A number of the provisional One Penny of this issue came over unused to English dealers after the stamp had been withdrawn from use, just as in the case of the provisional Halfpenny. Used specimens were at first very scarce, but to remedy this deficiency a certain number of these unused stamps were reshipped to an agent in St. Vincent, and came back through the post in instalments during the course of 1883 and 1884, whenever their owner had a demand for used specimens. This explains the late dates seen on some of these stamps. At the present time there is nothing to choose in point of rarity between used and unused specimens.

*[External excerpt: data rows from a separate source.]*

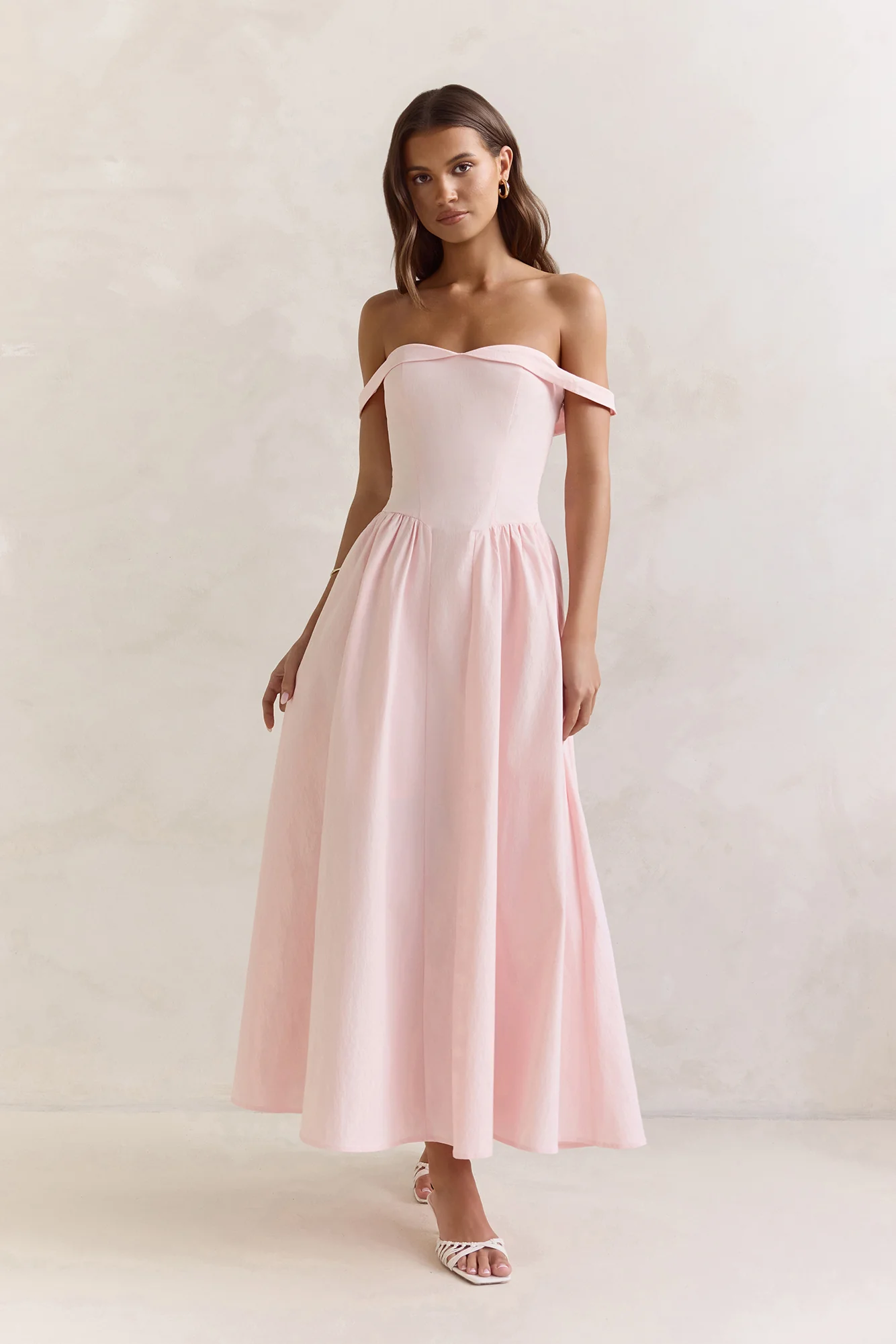 Memory Of Fate Off Shoulder Maxi Dress Pink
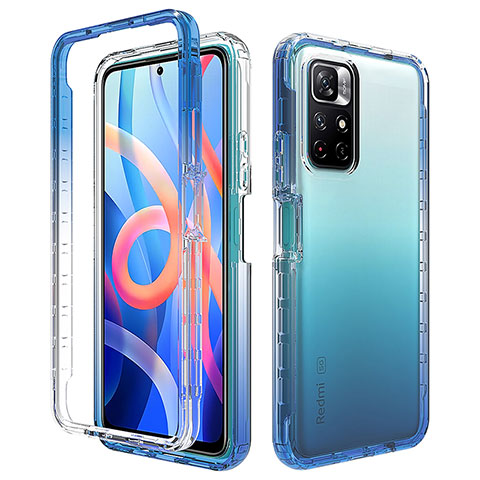 Silikon Hülle Handyhülle Ultra Dünn Flexible Schutzhülle Tasche Transparent Vorder und Rückseite 360 Grad Ganzkörper Farbverlauf für Xiaomi Redmi Note 11 5G Blau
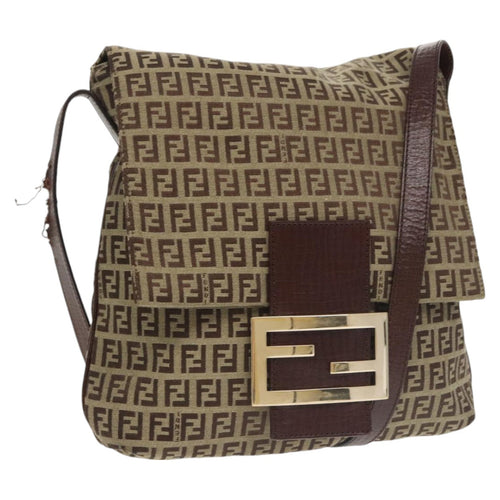 FENDI Zucchino Canvas Shoulder Bag Brown Goldam7306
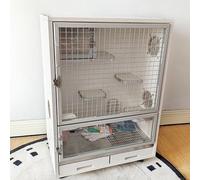 Cage pour Chinchilla en Bois pour Petits Animaux, Roue Universelle à 360°, Peut Accueillir 2 à 3 Petits Animaux(A-60 * 40 * 80cm)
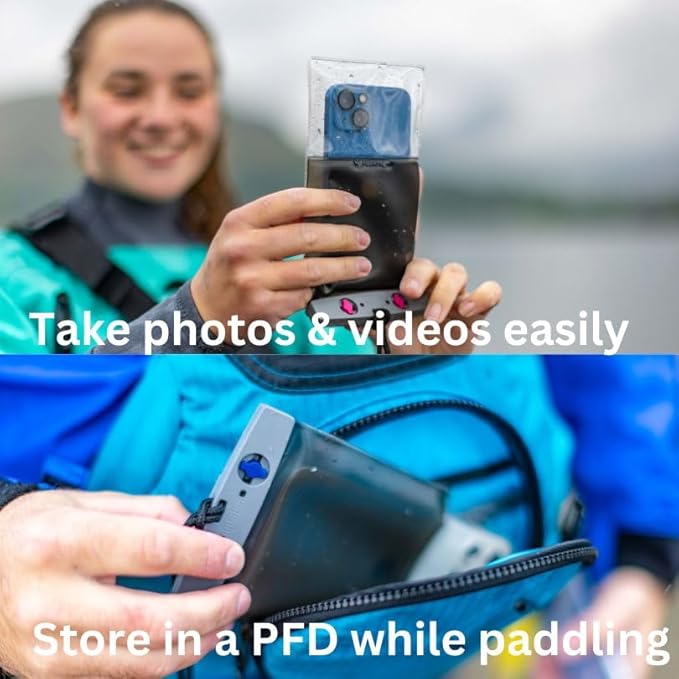 Aquapac Waterproof Phone Case, Medium, Blue, Lanyard, iPhone and Android, Made in The UK, Hiking, Mountain Biking, Running Accessory, Travel Essential, 5 Year Warranty. IPX8 Certified to 30 ft deep.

There are a good many foreign-made forgeries of this surcharged One Penny, but all we have seen have been very poor attempts, and none of them have ever been made on the right stamp, the one usually selected for forging being the pale yellow-green Six Pence of Issue 11.

We think this is the proper place to note a curious stamp that has just reached our publishers from the United States. It is the left half of a bright yellow-green Six Pence of Issue 14, which stamp has been divided in half by a vertical line of perforation gauging 12. This half stamp is surcharged “D/1” in red, and is postmarked, apparently over the surcharge. The extreme height of the surcharge is 8½ mm.; the height of the figure “1” is 5 mm., and its width ¾ mm.; the height of the letter “D” is 2¾ mm., and its width 2¼ mm. The figure “1” has a long serif, slanting downwards, and a foot like that of a Roman figure “I.”

We do not like to hazard an opinion as to what this stamp may be, but we think it right to place its existence on record, as the perforation which has divided the stamp has been, in our opinion, done by the same official machine that performed the same operation, not only on the postal provisionals of 1880 and 1881, but also on the fiscals that were made in 1882 by dividing diagonally this same Six Pence of Issue 14, and surcharging each half “3d. Revenue.” It was expressly forbidden in St. Vincent to make use of postage stamps for fiscal purposes, unless they had been overprinted “Revenue”; this stamp, if genuine, cannot therefore have been intended for anything but postage. It may have been experimentally prepared in December 1881, when a provisional One Penny was required, and rejected in favour of the one actually issued; but farther than this we cannot go. We are sorry that this interesting stranger has reached us too late for illustration.

Issue 18.

December 1881.

The consignment of these three stamps, which was sent out on November 16th, 1881, consisted of 1000 sheets (60,000 stamps) of the Halfpenny, 1000 sheets (60,000 stamps) of the One Penny, and 500 sheets (15,000 stamps) of the Four Pence. All three values were issued in December, and the three provisionals which had temporarily supplied their places were at once withdrawn from use, if indeed this had not already taken place in the case of the provisional Halfpenny.

The plate for the Halfpenny value, like those of the One Penny and Six Pence, consisted of 60 stamps arranged in 6 horizontal rows of 10. Like the other current values, it was printed on the star-watermarked paper.